You experience the gas diffusion experiment (or the diffusion particle picture above!) if somebody sprays perfume or deodorant into a room (green particles in the diagram above!).

Even without draughts or convection, the odour will eventually enter your nose and be detected by your sense of smell in any area of the room.

Similarly you can smell petrol or diesel fumes throughout garage due to the diffusion of fuel vapour molecules,

You should know that all liquid or dissolved particles have kinetic energy and so in constant random motion in all directions and tend to spread in all directions, BUT, on average, they will tend to migrate from a region of higher concentration to a region of lower concentration.

The two experiments described above illustrate this random spreading, but by the nature of the experiment design you will see initially the spreading on average is upwards because the coloured substance starts off at the bottom of the container where the concentration will be very high.

Note:

(i) The bigger the concentration difference between two adjacent regions, the steeper the diffusion gradient and the faster the rate of diffusion takes in terms of the net transfer of a particular molecule or ions (eg sugar or sodium ions etc.).

(ii) If the system is warmer, at a higher temperature, the particles gain kinetic energy and can on average move faster and so diffusion is faster.
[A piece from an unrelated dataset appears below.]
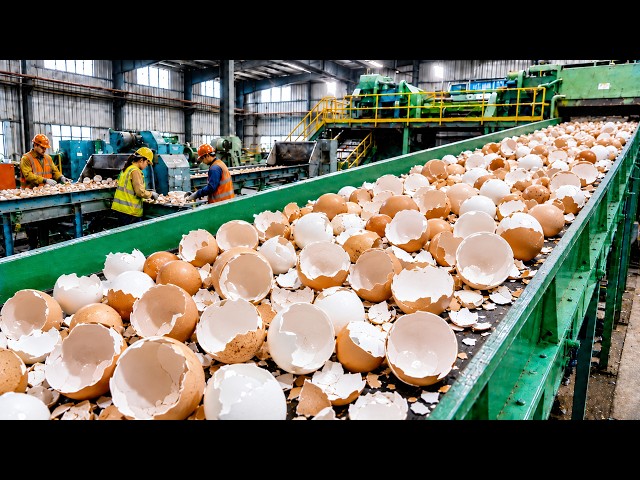 Millions of Eggshells Turned Into Luxury Countertops  Inside a Massive Recycling Factory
(2B) Factors affecting the rate of diffusion and Fick's Law of diffusion

The diffusion situation might be exchange of gases in the lungs or movement of molecules and ions through a cell membrane. Three rate of diffusion factors are described and explained in the context of transferring substances through a membrane.

Factors affecting the rate of diffusion of particles through a membrane - you may be talking about diffusion or osmosis and active transport.

Expressed as how diffusion rate is increased - since that's usually what you want in organisms!

(i) The larger the surface area of the membrane, the greater the rate of diffusion.

This factor can also be expressed as increase in surface/volume ratio, so increasing the rate of substance transfer -  there is a bigger chance of a particle passing through a given larger area.

(ii) The steeper the concentration gradient, meaning the greater the difference between the highest concentration and the lowest concentration area on either side of membrane, the greater the rate of diffusion.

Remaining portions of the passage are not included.